88.8% of Turkish voters voted in the first round of the presidential elections and 87% voted in the parliamentary elections which this year coincided with the presidential elections.

The average turnout in Turkish parliamentary elections since the 80s is over 85 percent. And in the presidential elections held in 2018 and 2014, voter turnout was 86 and 74 percent, respectively. Voting is compulsory in Turkey, but the penalty is not imposed.

Voter turnout in the world is down to just over 60 percent after declining steadily since the late 80s, according to a compilation from the intergovernmental organization IDEA, which compares countries' electoral systems. In Sweden, voter turnout was 84.2 percent in the 2022 election.

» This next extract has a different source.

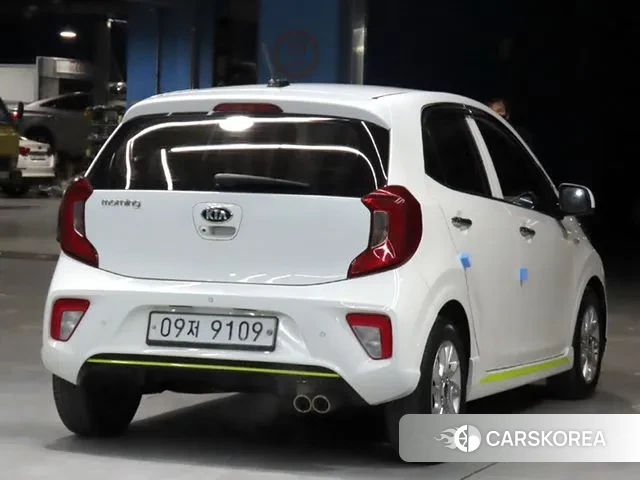 Kia All New Morning (JA) id 3568289 из Кореи 14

Challenges for the second round of the election

Aras Lindh believes in high participation in the second round of the presidential election as well, but the parties have challenges ahead of them.

"Now that Erdogan has a head start, the question is whether the air may not have gone out of some of the supporters of the opposition. At the same time, supporters on the government side may feel so victorious that they do not vote.

Long journey

A further challenge is that citizens have to vote in the province where they are registered. This is important not least for the hundreds of thousands of Turks who have evacuated from the earthquake-stricken Hatay province. Now they have to return again if they want to vote. In the first round of the presidential election, 83 percent of the people registered in Hatay province voted.

Even in Sweden, Turkish citizens may be forced to travel far again. The more than 43,000 people who are eligible to vote in Sweden must get to the country's only polling station in Älvsjö in Stockholm. In the first round of the election, 32% of these people voted.